> [EXERCISE AIM]: Every line below from the one containing "Kitchen with granite" through the one containing "Eisbergen auf der" is to be printed exactly, with the pictures omitted.
------------
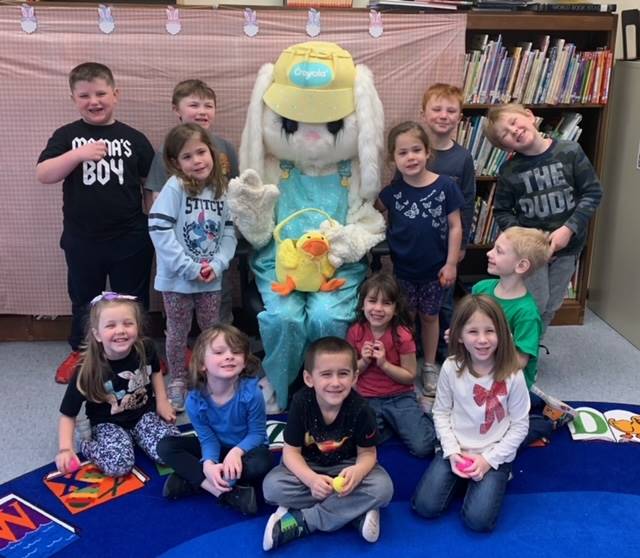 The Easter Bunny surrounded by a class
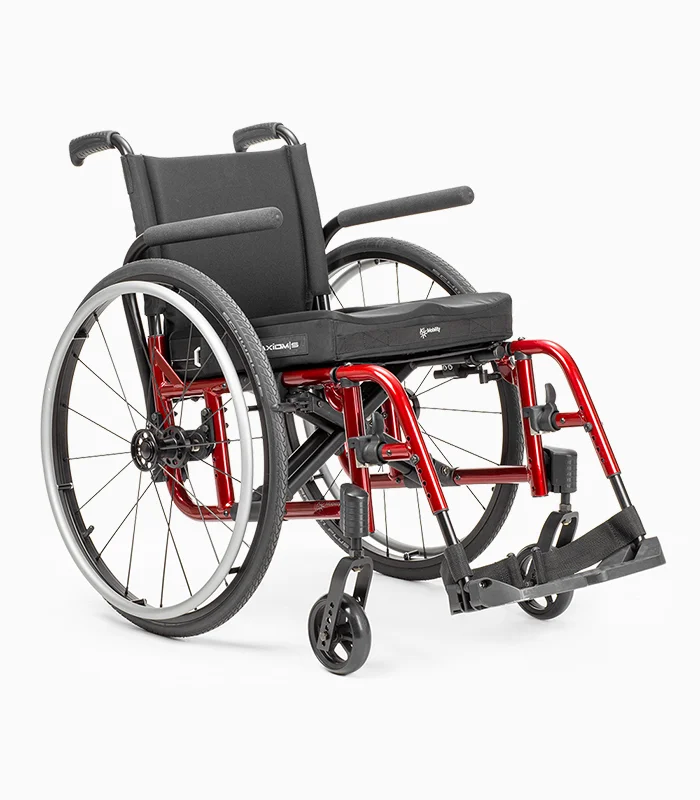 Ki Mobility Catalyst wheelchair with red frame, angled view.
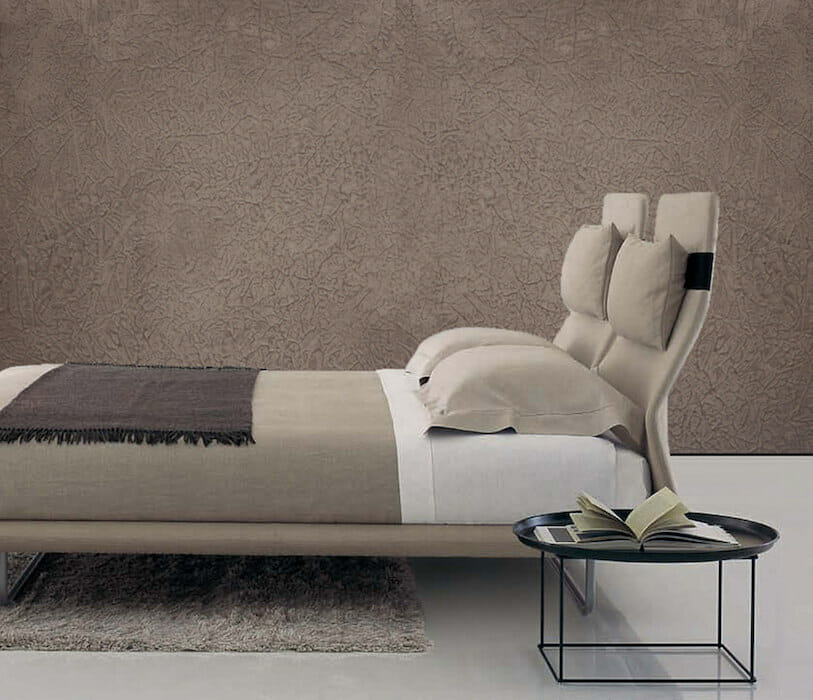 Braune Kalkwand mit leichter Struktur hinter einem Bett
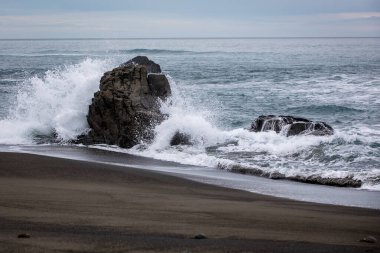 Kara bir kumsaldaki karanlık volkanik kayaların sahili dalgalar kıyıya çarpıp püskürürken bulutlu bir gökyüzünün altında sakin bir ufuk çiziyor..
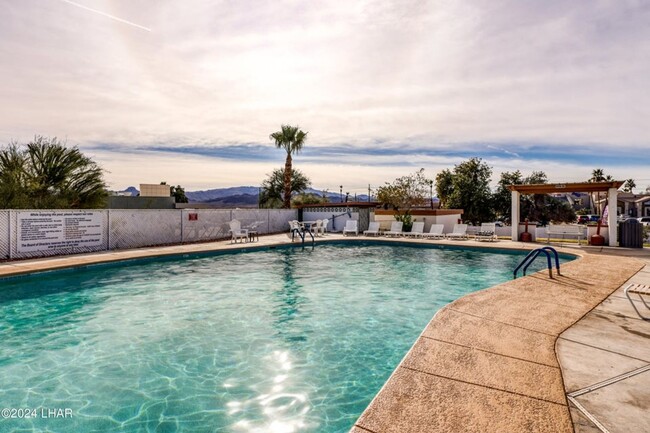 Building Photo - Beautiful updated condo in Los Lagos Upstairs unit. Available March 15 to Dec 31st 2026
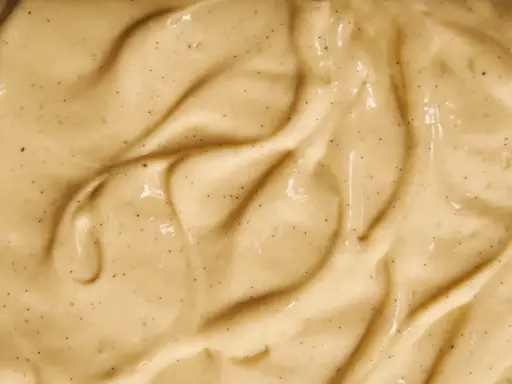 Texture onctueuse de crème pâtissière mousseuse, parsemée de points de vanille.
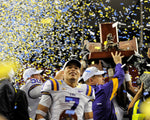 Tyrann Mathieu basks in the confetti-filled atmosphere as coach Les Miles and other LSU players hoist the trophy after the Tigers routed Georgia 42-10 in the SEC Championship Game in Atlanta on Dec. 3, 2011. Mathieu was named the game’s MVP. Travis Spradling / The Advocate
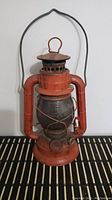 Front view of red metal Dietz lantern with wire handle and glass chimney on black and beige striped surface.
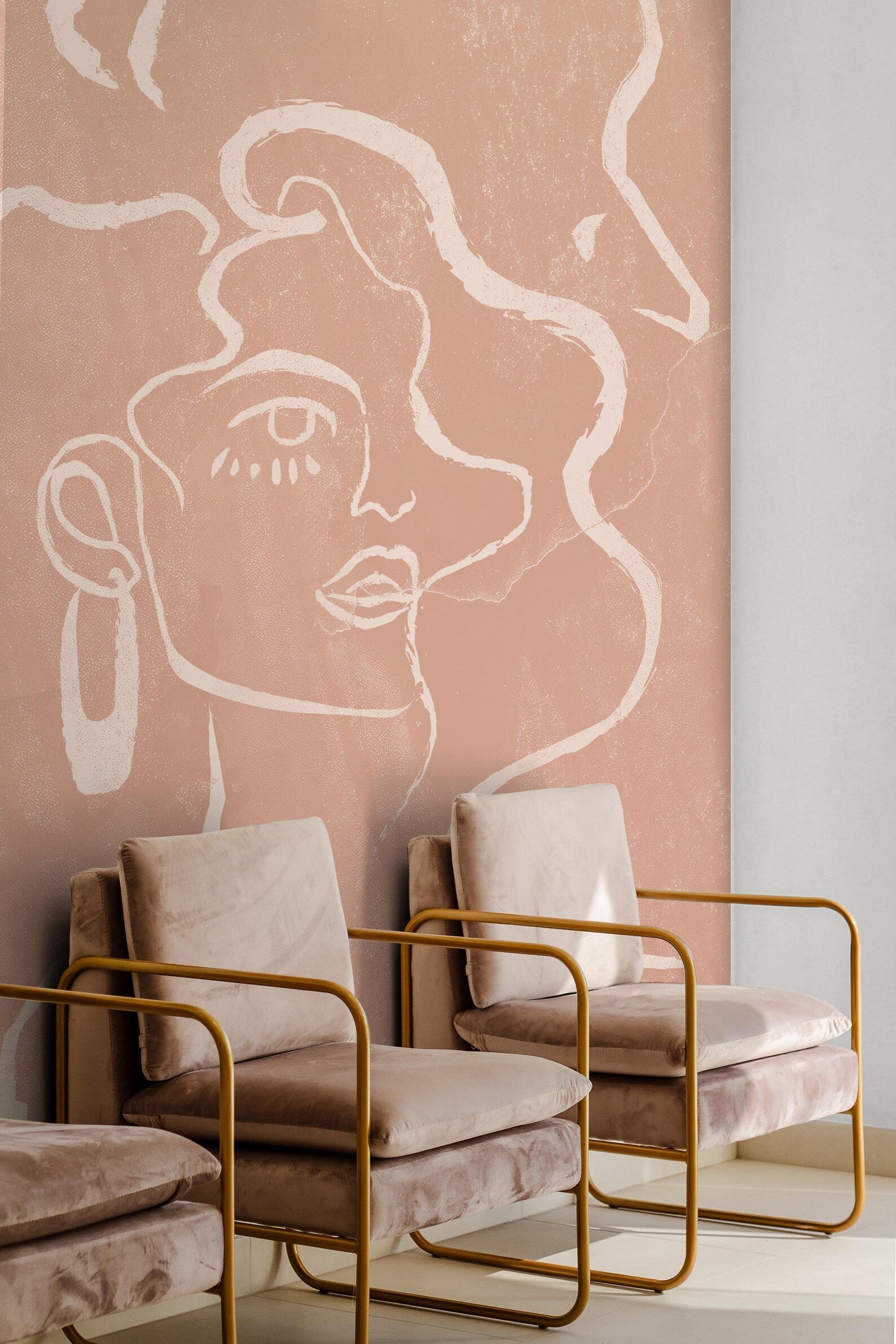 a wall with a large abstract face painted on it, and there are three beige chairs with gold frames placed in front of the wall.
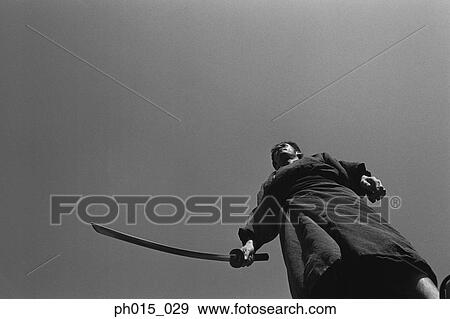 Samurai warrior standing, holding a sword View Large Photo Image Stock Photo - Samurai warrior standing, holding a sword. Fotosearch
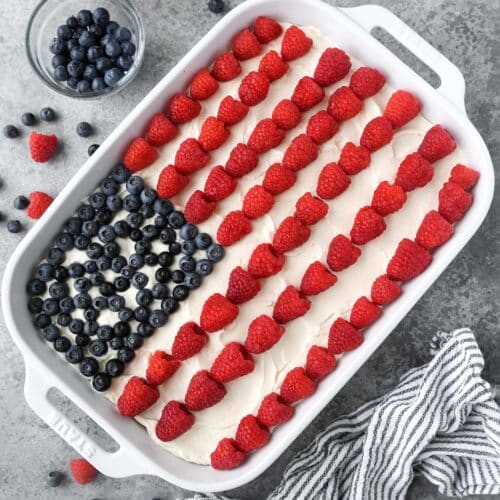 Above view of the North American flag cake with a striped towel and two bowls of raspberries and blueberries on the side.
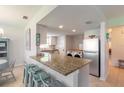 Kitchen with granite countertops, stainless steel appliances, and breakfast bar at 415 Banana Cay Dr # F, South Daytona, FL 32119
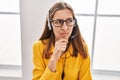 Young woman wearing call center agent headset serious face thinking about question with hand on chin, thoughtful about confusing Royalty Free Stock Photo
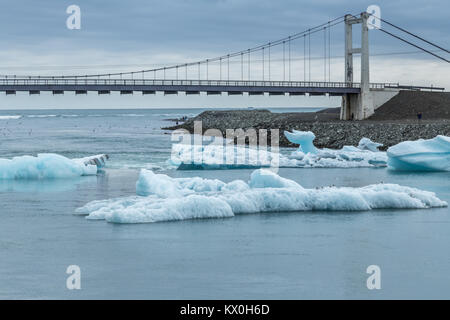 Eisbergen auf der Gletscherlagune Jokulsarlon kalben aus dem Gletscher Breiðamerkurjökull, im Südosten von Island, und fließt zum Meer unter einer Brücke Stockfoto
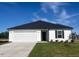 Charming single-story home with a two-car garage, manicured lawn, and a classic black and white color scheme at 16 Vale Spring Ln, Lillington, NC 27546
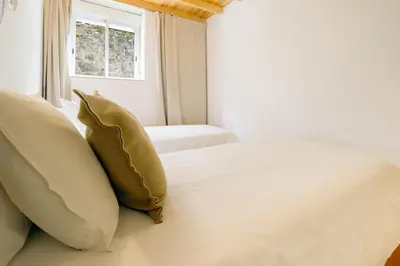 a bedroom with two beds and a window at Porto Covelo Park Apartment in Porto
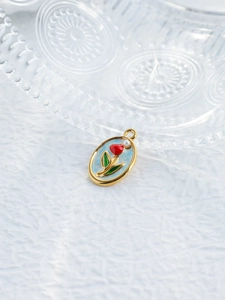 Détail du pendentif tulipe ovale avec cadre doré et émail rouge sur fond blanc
------------
> [SOLUTION FOR THIS PROBLEM]:
 Kitchen with granite countertops, stainless steel appliances, and breakfast bar at 415 Banana Cay Dr # F, South Daytona, FL 32119
 Young woman wearing call center agent headset serious face thinking about question with hand on chin, thoughtful about confusing Royalty Free Stock Photo
 Eisbergen auf der Gletscherlagune Jokulsarlon kalben aus dem Gletscher Breiðamerkurjökull, im Südosten von Island, und fließt zum Meer unter einer Brücke Stockfoto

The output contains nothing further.